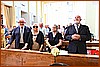 26H_1407.JPG
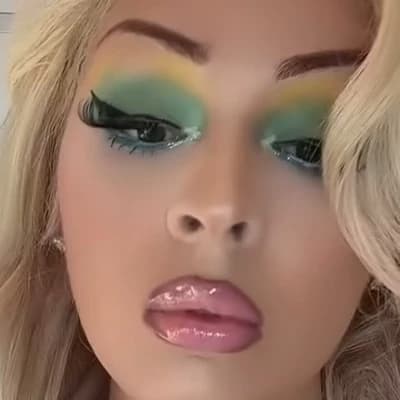Barbara "Barb" Sewell thumbnail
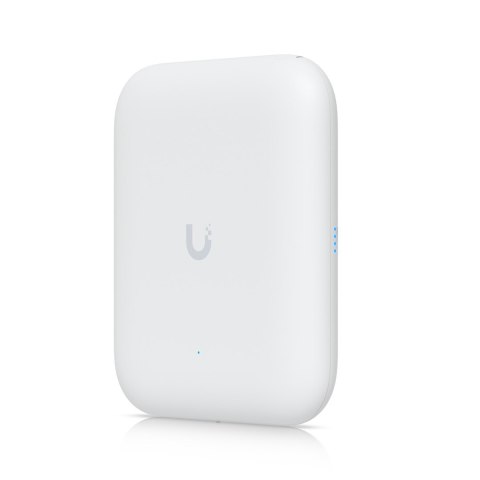 Acces Point Wi-Fi 7 Ubiquiti UniFi U7 Pro Outdoor 2.4GHz(2 x 2)/5GHz(4 x 4) PoE+ 1x2,5G (U7-PRO-OUTDOOR-EU)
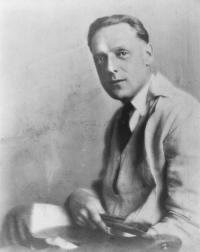 Will_Henry_Stevens.jpg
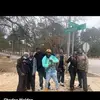 terrellmcrae781 - @terrellmcrae781 - TikTok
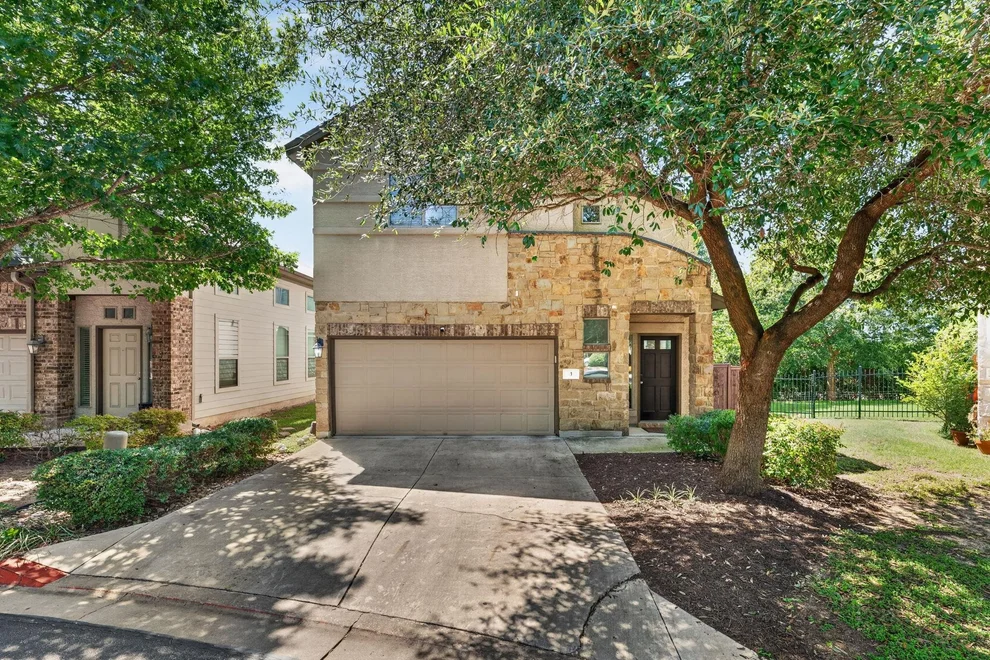 Unit for sale at 2101 Rivers Edge WAY, Austin, TX 78741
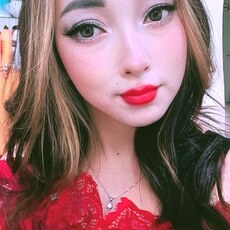 Фотография девушки Ботагоз, 38 лет из г. Астана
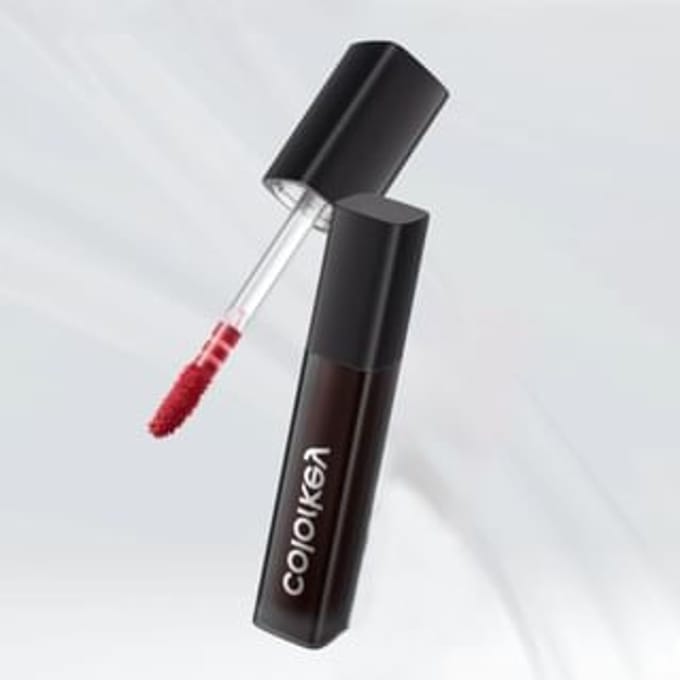 COLORKEY - Mini Airy Lip Mirror Series - R702 #R702 - 1g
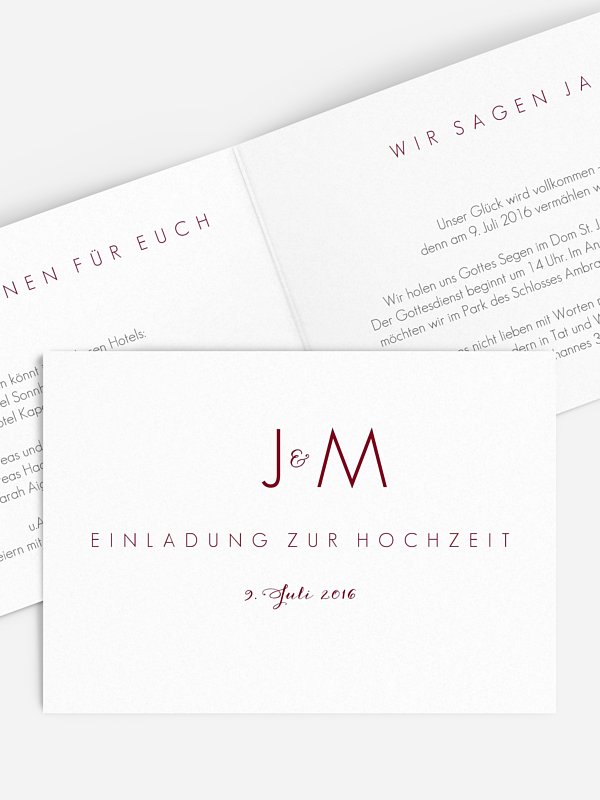 Script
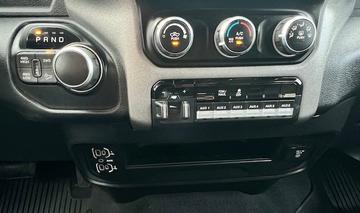 Ram 2500 2019 - Thumbnail 24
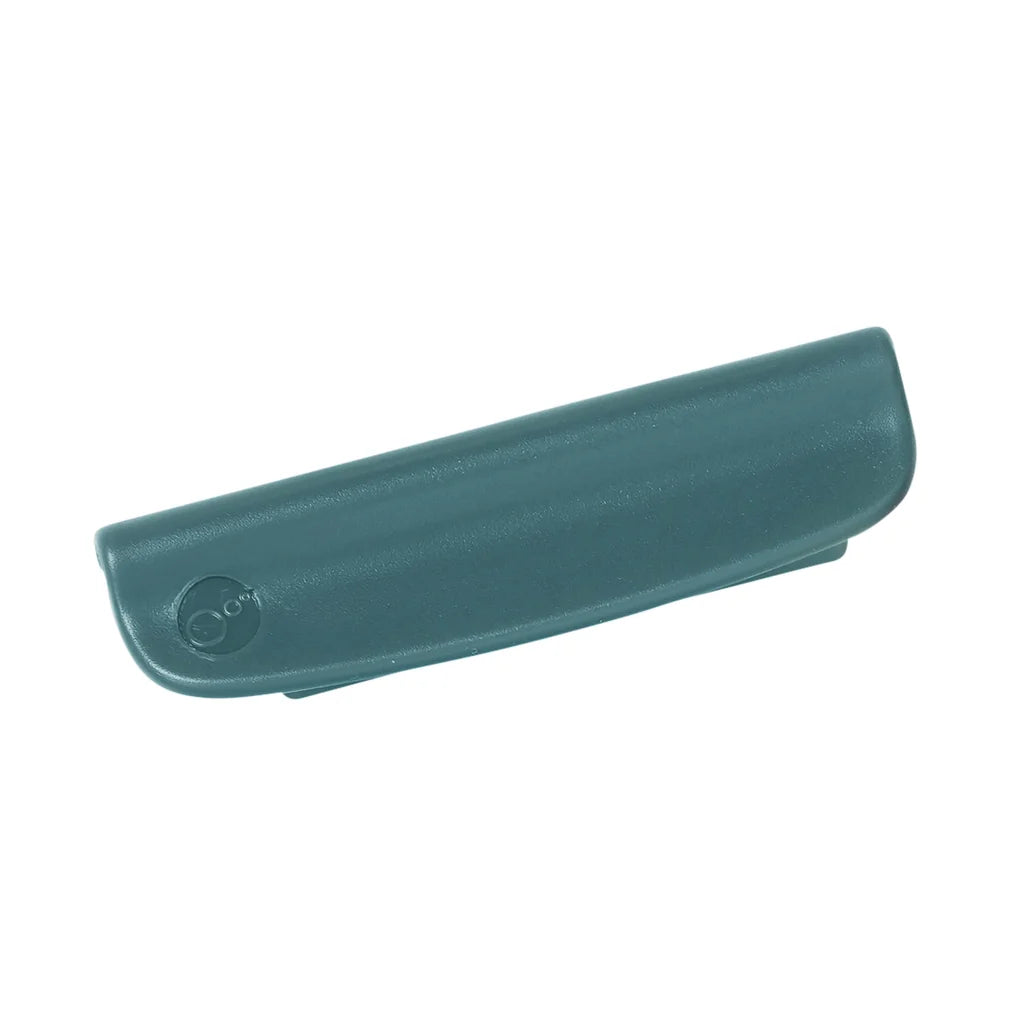 Lunchbox Replacement Clip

────────

Your goal:
Without the pictures, reproduce every entry exactly as written.

Result:
 26H_1407.JPG
Barbara "Barb" Sewell thumbnail
 Acces Point Wi-Fi 7 Ubiquiti UniFi U7 Pro Outdoor 2.4GHz(2 x 2)/5GHz(4 x 4) PoE+ 1x2,5G (U7-PRO-OUTDOOR-EU)
 Will_Henry_Stevens.jpg
 terrellmcrae781 - @terrellmcrae781 - TikTok
 Unit for sale at 2101 Rivers Edge WAY, Austin, TX 78741
 Фотография девушки Ботагоз, 38 лет из г. Астана
 COLORKEY - Mini Airy Lip Mirror Series - R702 #R702 - 1g
 Script
 Ram 2500 2019 - Thumbnail 24
 Lunchbox Replacement Clip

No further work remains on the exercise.